__Provided data__.
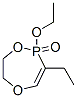 2H-1,5,2-Dioxaphosphepin,2-ethoxy-3-ethyl-6,7-dihydro-,2-oxide,(3E)-(9CI) CAS#: 241487-46-7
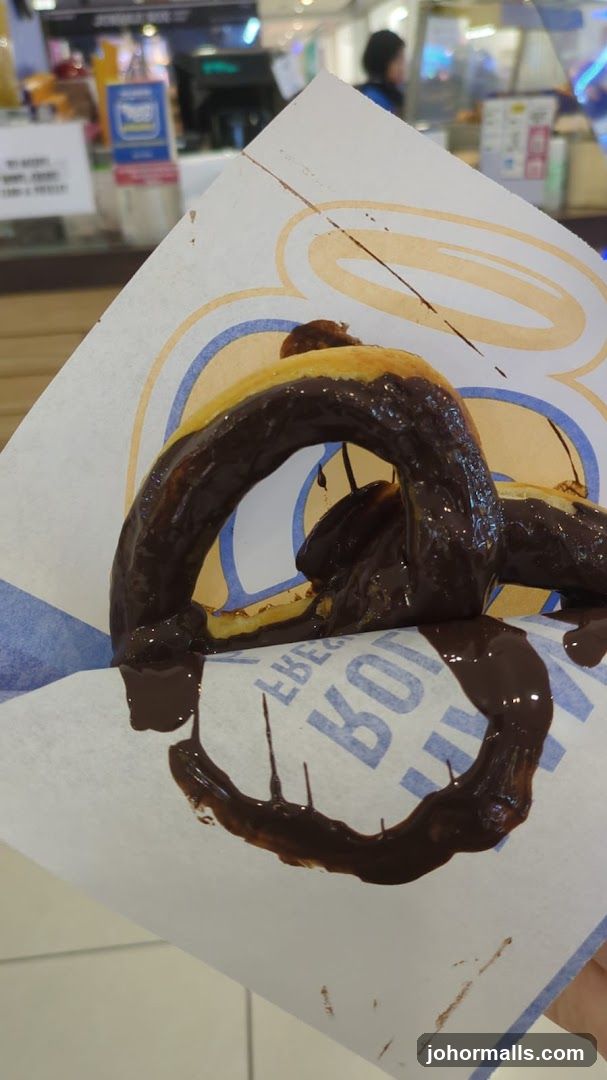 Chocolate-covered pretzel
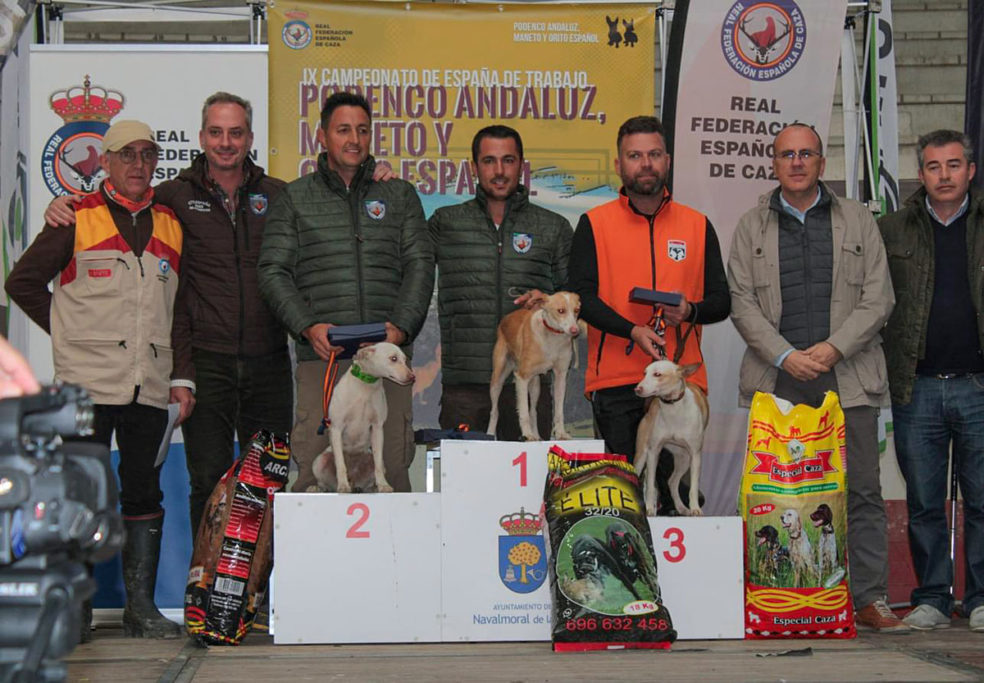 maneto y podenco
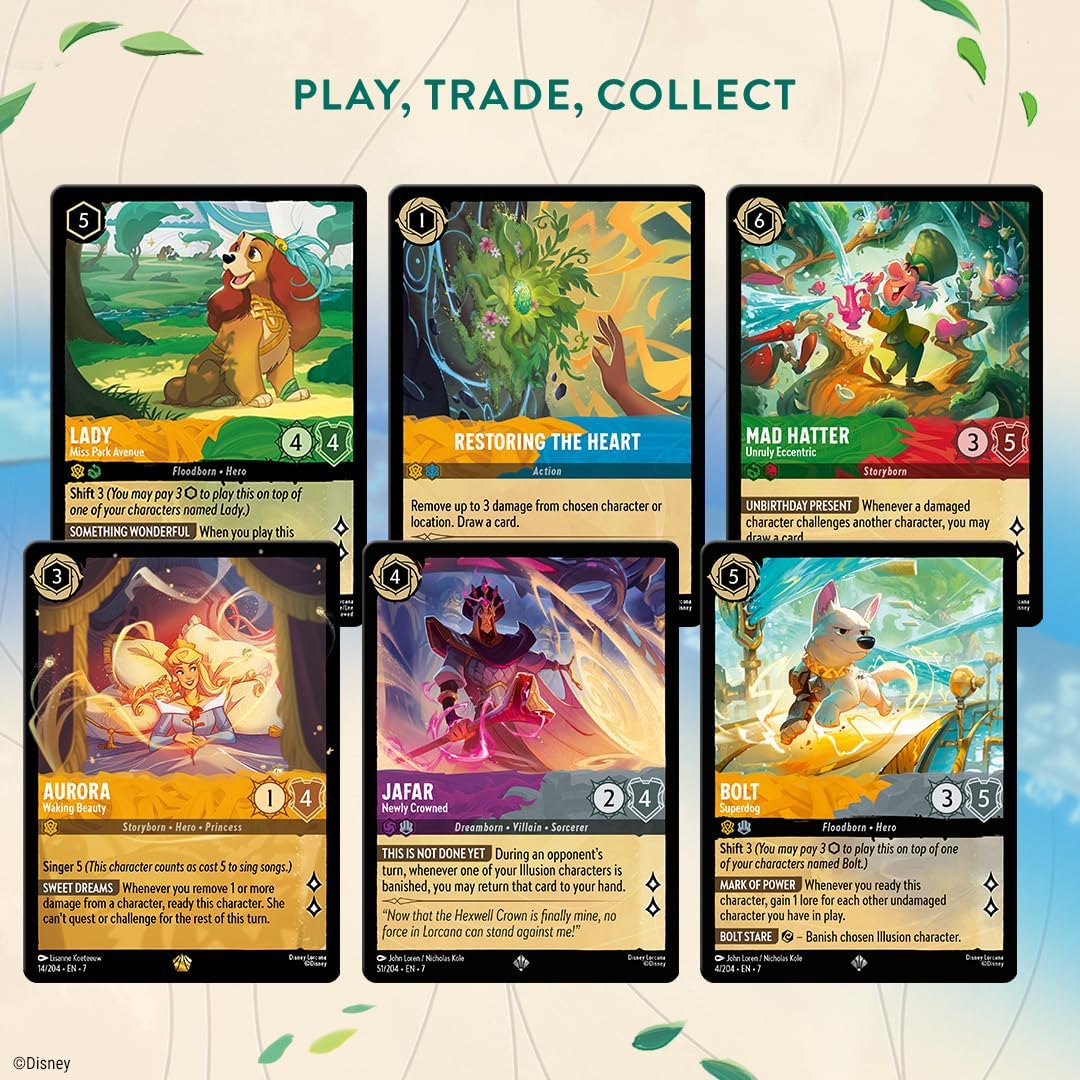 Disney Lorcana - Set 7 - Archazia's Island: Belle & Beast (Ruby & Sapp
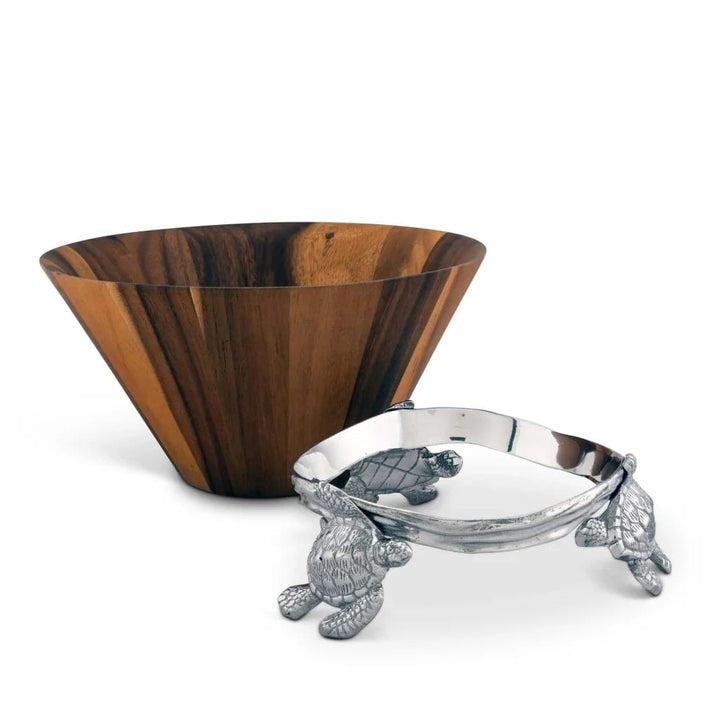 Arthur Court Salad Bowl - Turtle Dinnerware Arthur Court 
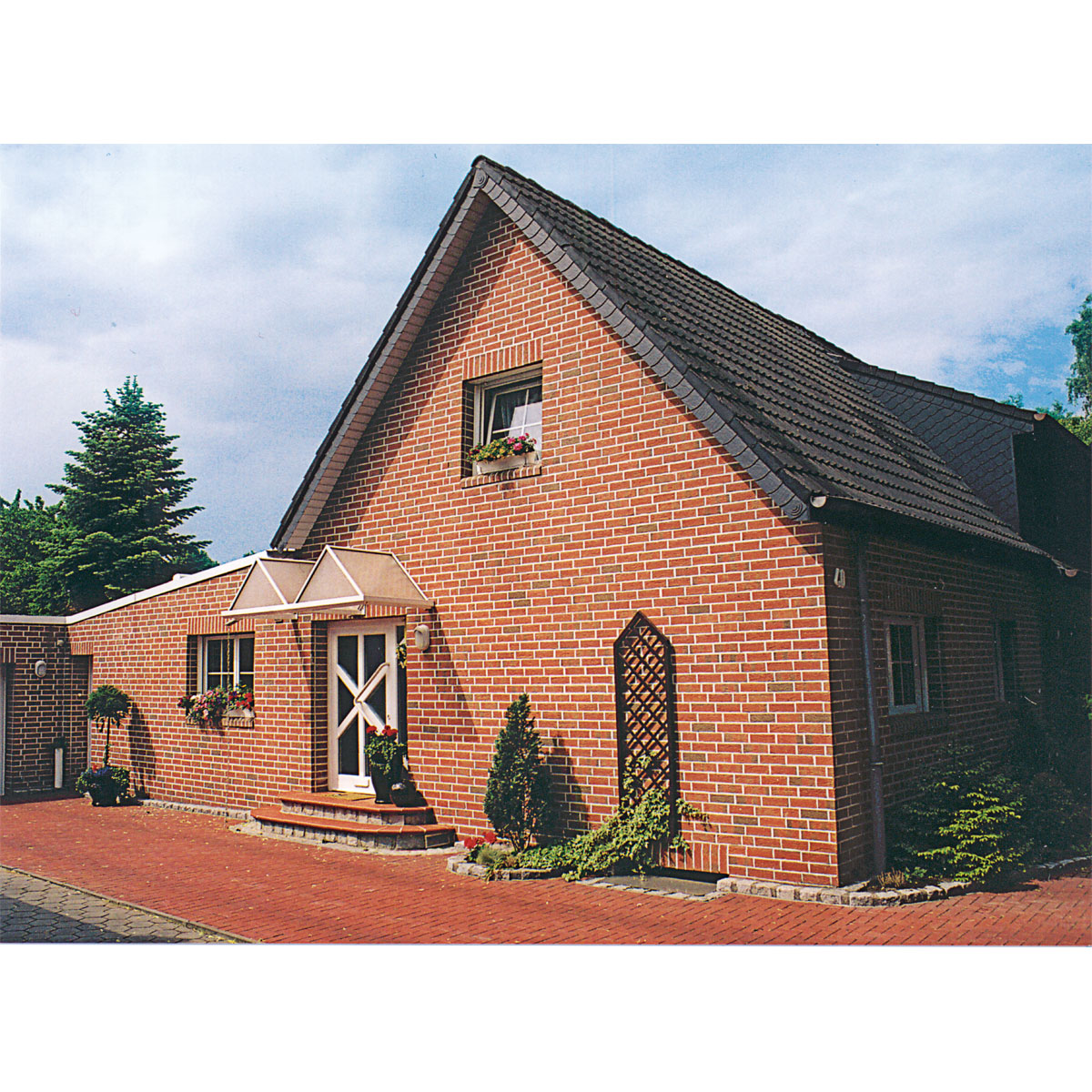 Verblender-Riemchen Arosa-Rustik 24 x 5,2 cm Bild 5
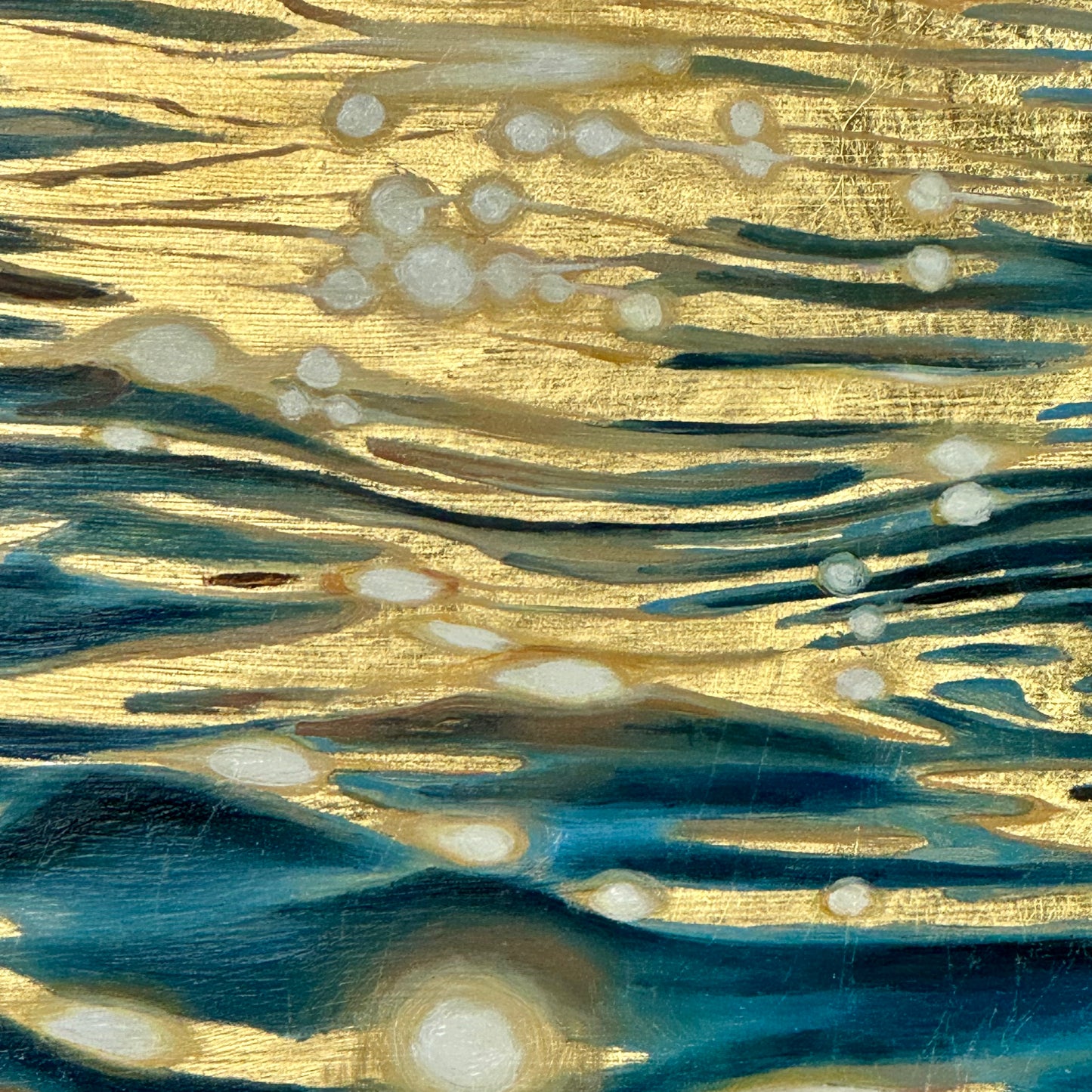 Golden Reflection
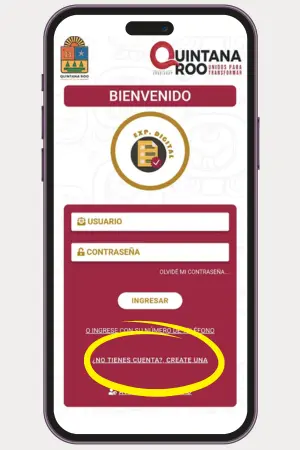 app Expediente digital Educativo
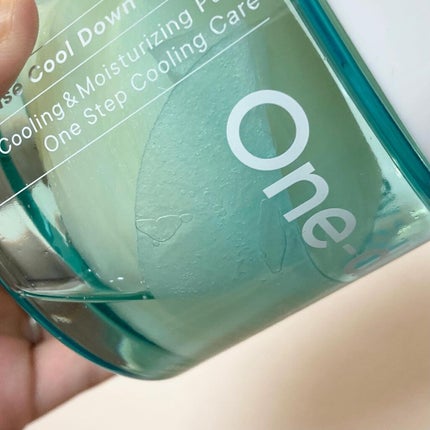 ヘルプミー! アイスクーリングパッド/One-day's you/トナーパッドを使ったクチコミ(4枚目)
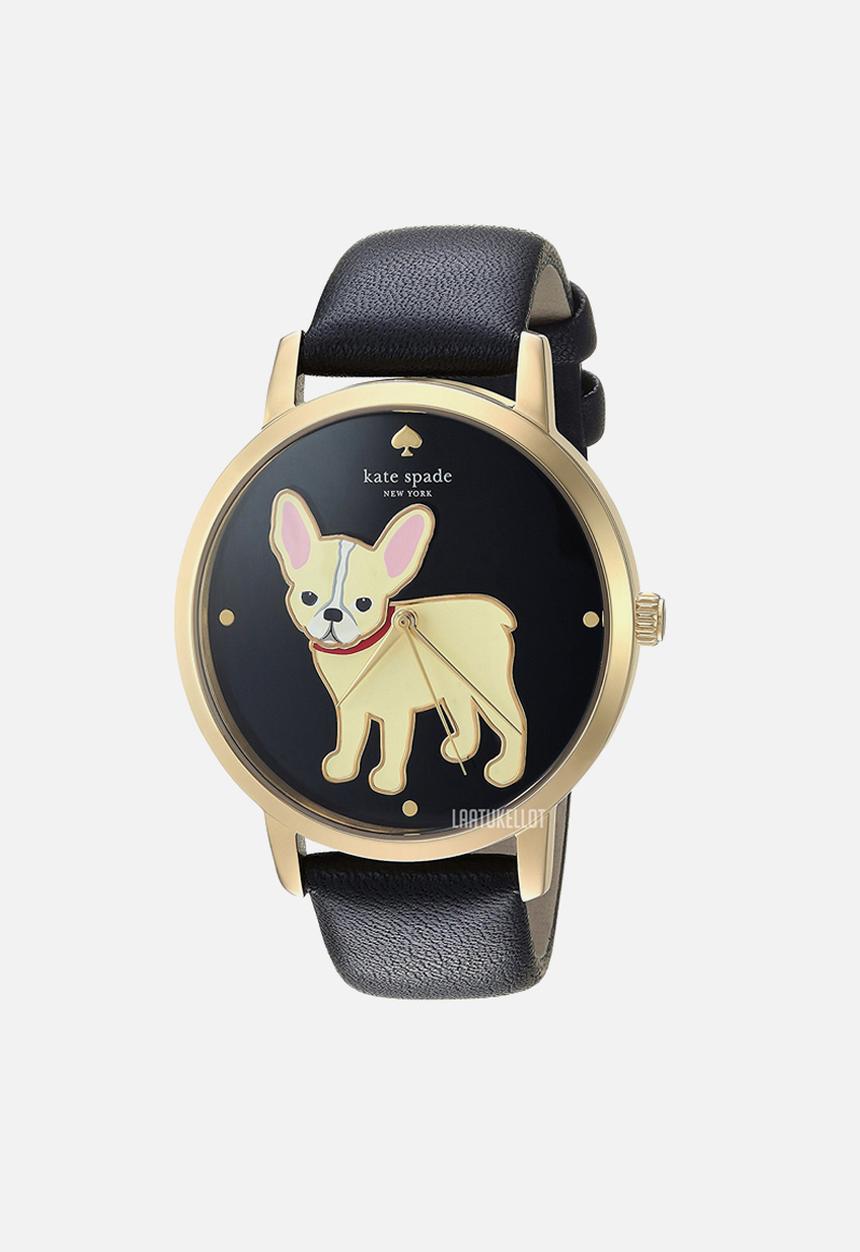 DNU Kate Spade - Metro - black bulldog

__Problem to work on__.
Please give back the material above exactly as written, pictures omitted.

__Answer space__.
 2H-1,5,2-Dioxaphosphepin,2-ethoxy-3-ethyl-6,7-dihydro-,2-oxide,(3E)-(9CI) CAS#: 241487-46-7
 Chocolate-covered pretzel
 maneto y podenco
 Disney Lorcana - Set 7 - Archazia's Island: Belle & Beast (Ruby & Sapp
 Arthur Court Salad Bowl - Turtle Dinnerware Arthur Court 
 Verblender-Riemchen Arosa-Rustik 24 x 5,2 cm Bild 5
 Golden Reflection
 app Expediente digital Educativo
 ヘルプミー! アイスクーリングパッド/One-day's you/トナーパッドを使ったクチコミ(4枚目)
 DNU Kate Spade - Metro - black bulldog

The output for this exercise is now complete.